Functional models for time-varying random objects
Functional data analysis provides a popular toolbox of functional models for the analysis of samples of random functions that are real valued. In recent years, samples of timevarying object data such as time-varying networks that are not in a vector space have been increasingly collected. These data can be viewed as elements of a general metric space that lacks local or global linear structure and therefore common approaches that have been used with great success for the analysis of functional data, such as functional principal component analysis, cannot be applied. We propose metric covariance, a novel association measure for paired object data lying in a metric space (Ω, d) that we use to define a metric autocovariance function for a sample of random Ω-valued curves, where Ω generally will not have a vector space or manifold structure. The proposed metric autocovariance function is non-negative definite when the squared semimetric d² is of negative type. Then the eigenfunctions of the linear operator with the autocovariance function as kernel can be used as building blocks for an object functional principal component analysis for Ω-valued functional data, including time-varying probability distributions, covariance matrices and time dynamic networks.

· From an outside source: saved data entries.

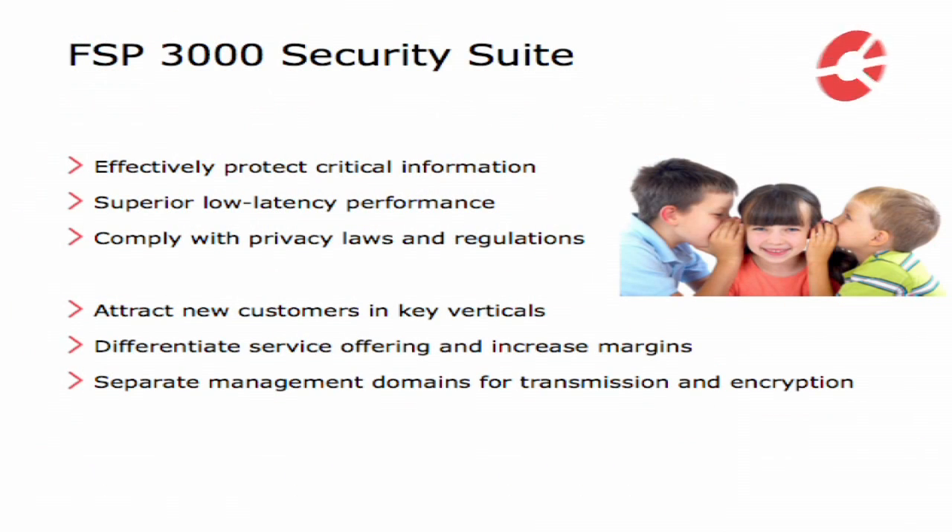You have shown this demo to customers and interested parties — what would be the key target audience? We see the biggest interest in the financial market, where they are afraid of losing sensitive customer data. Whenever they connect their data centers over dark fiber running through public ground, they have an interest in encrypting this data. The best response comes from national banks, banks in general, and insurance companies — they all feel the threat. On top of that, managed service providers offering services to those customers also see this feature as a very useful addition to their portfolio.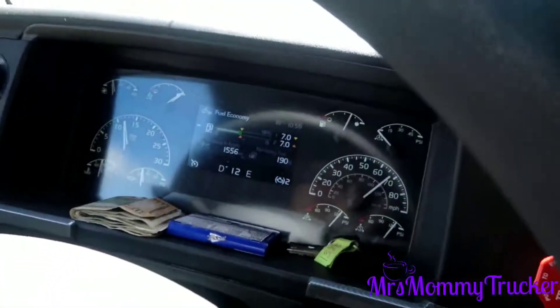We are backtracking to Fernley, Nevada to the Pilot where we're going to get fuel. It's crazy because we have three quarters of a tank of fuel, but our company wants us to fill up at certain places, so we're backtracking just to get a quarter tank. Then we're heading over Donner's Pass to Modesto, California, and then from Modesto we're going to Oakland, California.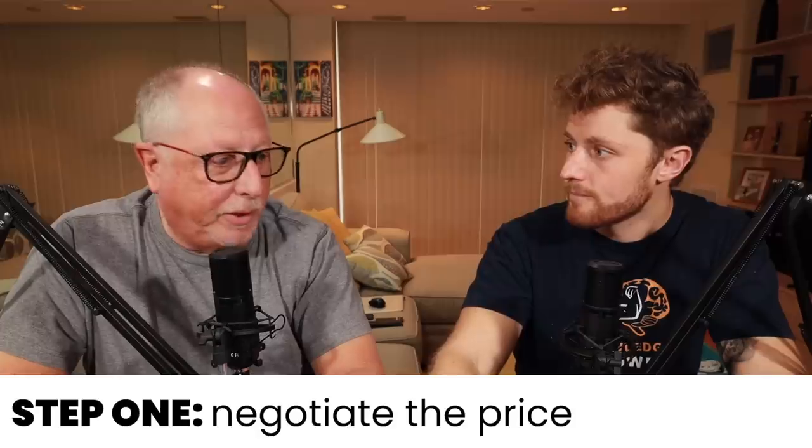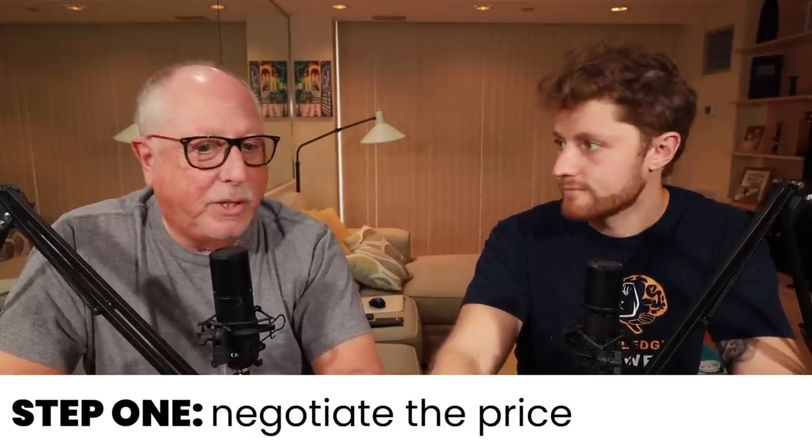Step one: negotiate the price before placing the order. Before you actually place the order, you want to know what the cost of that vehicle to you is going to be before it ever arrives. It shouldn't be a surprise. Note that MSRP prices on the same vehicle can change during a model year — typically a nominal $100–$250. If you order in August and the vehicle isn't delivered until December, a price increase may get passed along to you.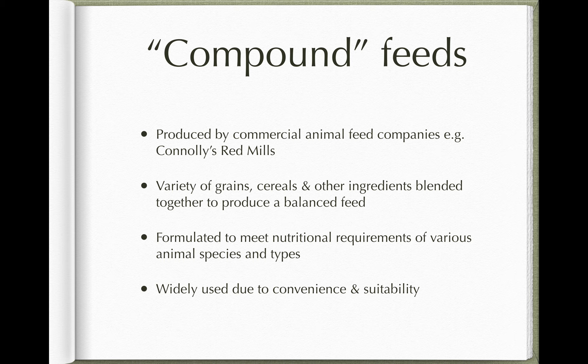Instead of a farmer having to grow oats, barley, and hay on their farm, companies were setting up — importing grains and cereals or buying them locally, mixing them together, and producing a balanced feed you could just buy to feed your dairy cows, calves, horses, store cattle, pregnant cows, or whatever you needed. It's a bit like buying dog food — different companies making different types of diets depending on the animal's age, lifestyle, and breed. These companies now formulate feeds to meet the nutritional requirements of various animal species. This allowed stocking rates on farms to increase and is part of the intensification of farming we've seen in the last 50 years. It's also very convenient — much easier to buy a bag of feed than to grow, harvest, thrash, and mill barley or oats yourself.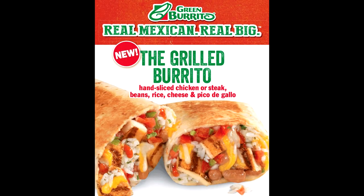What's the Grilled Burrito? It's hand-sliced chicken or steak, beans, rice, cheese, and pico de gallo. I got the chicken variant of this thing, so let's go ahead and try it out.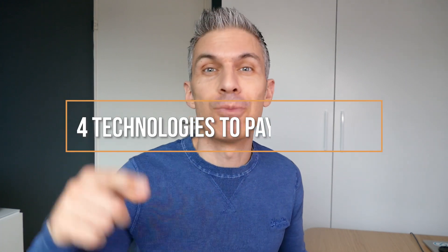Hey, Juan here. Let's talk about four technologies that you should be paying attention to as a product manager in 2023.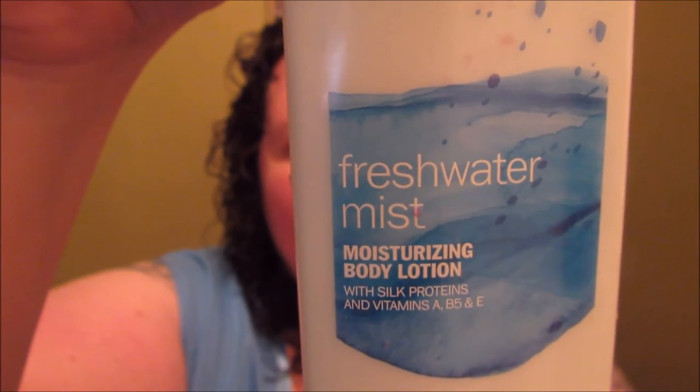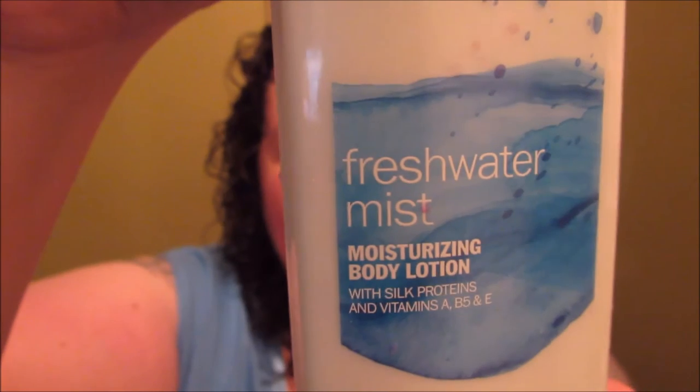The first product I want to talk about — I actually chose the lotion, but there's a whole set of stuff. This is Ulta's brand and this is their freshwater mist — don't mind all the pink splatter all over it. This is the moisturizing body lotion. I believe they have a body butter, I know they have a creamy shower gel, they have a standard shower gel, obviously they have the lotion, and they have a body mist.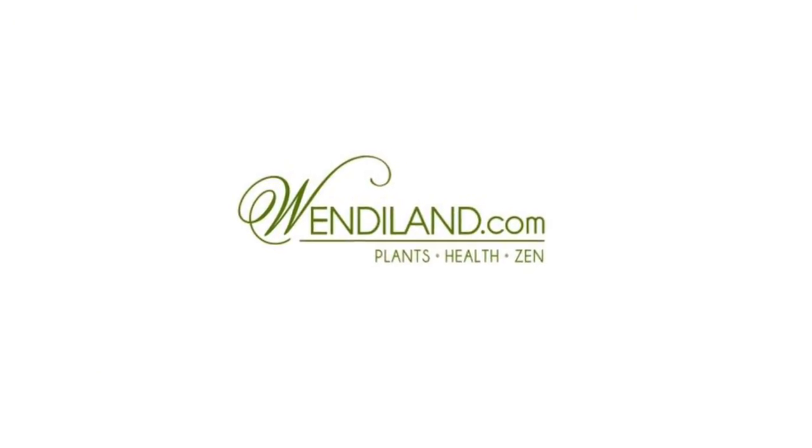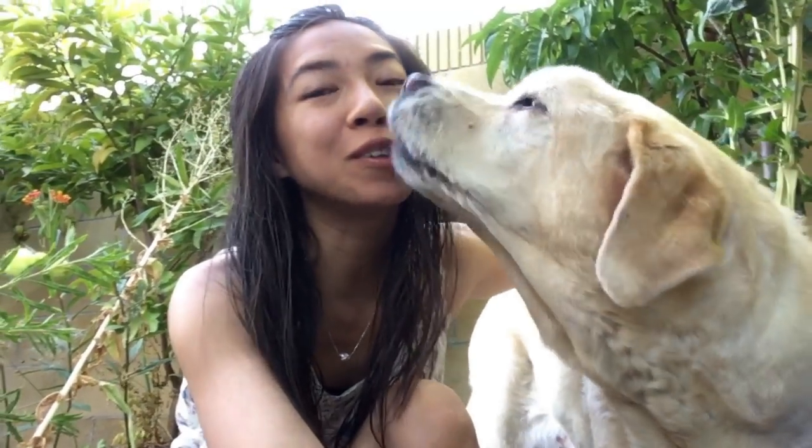Wow, it smells amazing! Hey guys, how's it going? Today I want to show you the white peach over here — it's fruiting for the very first time.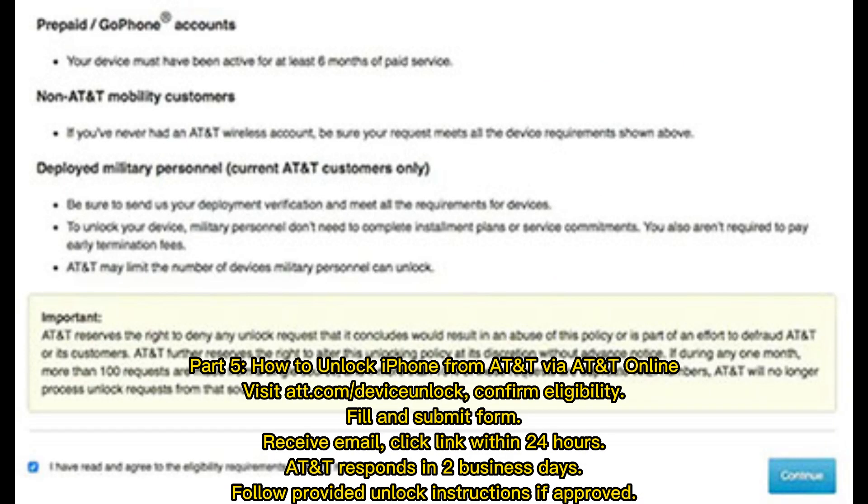How to unlock iPhone from AT&T via AT&T online: Visit att.com/deviceunlock and confirm eligibility. Fill out and submit the form, then receive an email and click the link within 24 hours. AT&T responds in 2 business days. Follow the provided unlock instructions if approved.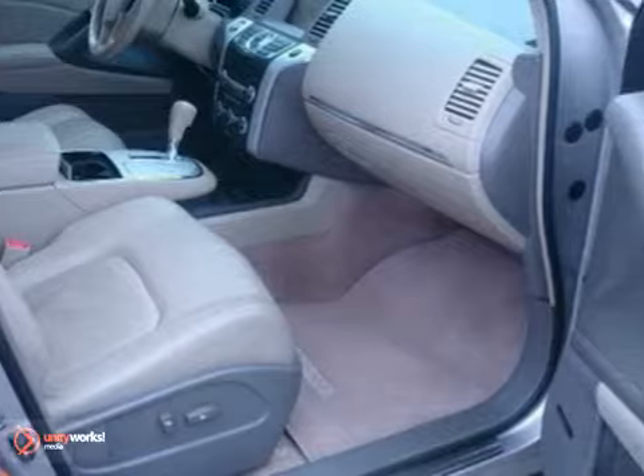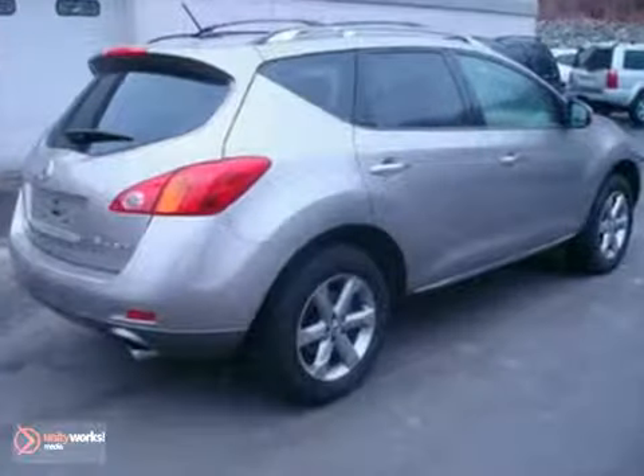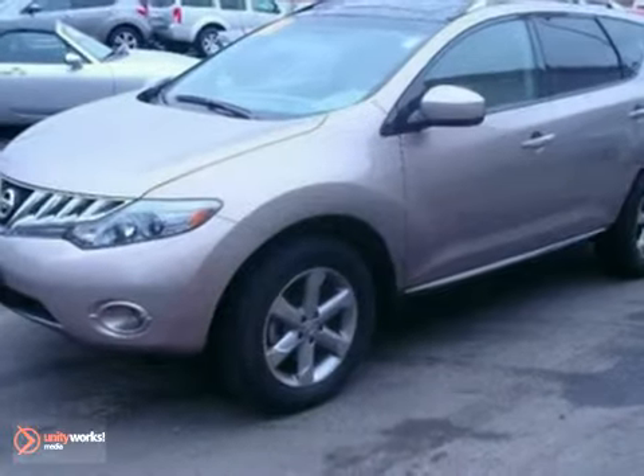And with only 17,000 miles, this one is barely broken in. And it's priced to sell. So come on in and test-drive this Murano today.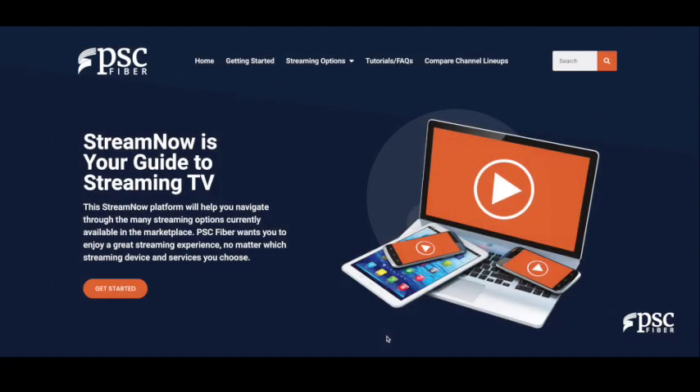Hello, my name is Nikki with PSC Fiber. Through this video tutorial series, I'm going to help you navigate through the many streaming options currently available in the marketplace. PSC Fiber wants you to enjoy a great streaming experience, no matter which streaming device and services you choose, through our StreamNow website. Let's get started.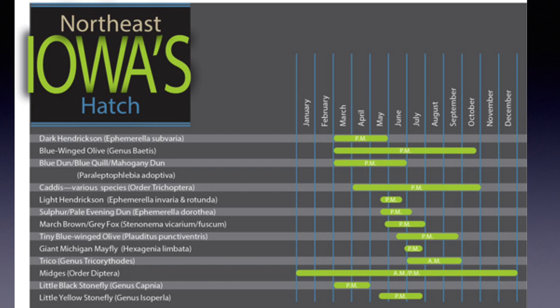You can plan trips around trico hatches. Blue-wing olives, including tiny blue-wing olives, may occur almost daily, especially on damp overcast days, but are far less consistent than tricos. You should always be thinking about a possible blue-wing olive hatch when on the stream. Midges are hatching daily but are often quite sparse. Some others have quite short hatch periods — only a week or two — and may occur during the time frame listed but do not occur throughout the entire time frame listed, like tricos.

Analogues of functional principal components for time-varying objects are obtained by applying Fréchet means and projections of distance functions of the random object trajectories in the directions of the eigenfunctions, leading to real-valued Fréchet scores. Using the notion of generalized Fréchet integrals, we construct object functional principal components that lie in the metric space Ω. We establish asymptotic consistency of the sample-based estimators for the corresponding population targets under mild metric entropy conditions on Ω and continuity of the Ω-valued random curves.These concepts are illustrated with samples of time-varying probability distributions for human mortality, time-varying covariance matrices derived from trading patterns and time-varying networks that arise from New York taxi trips.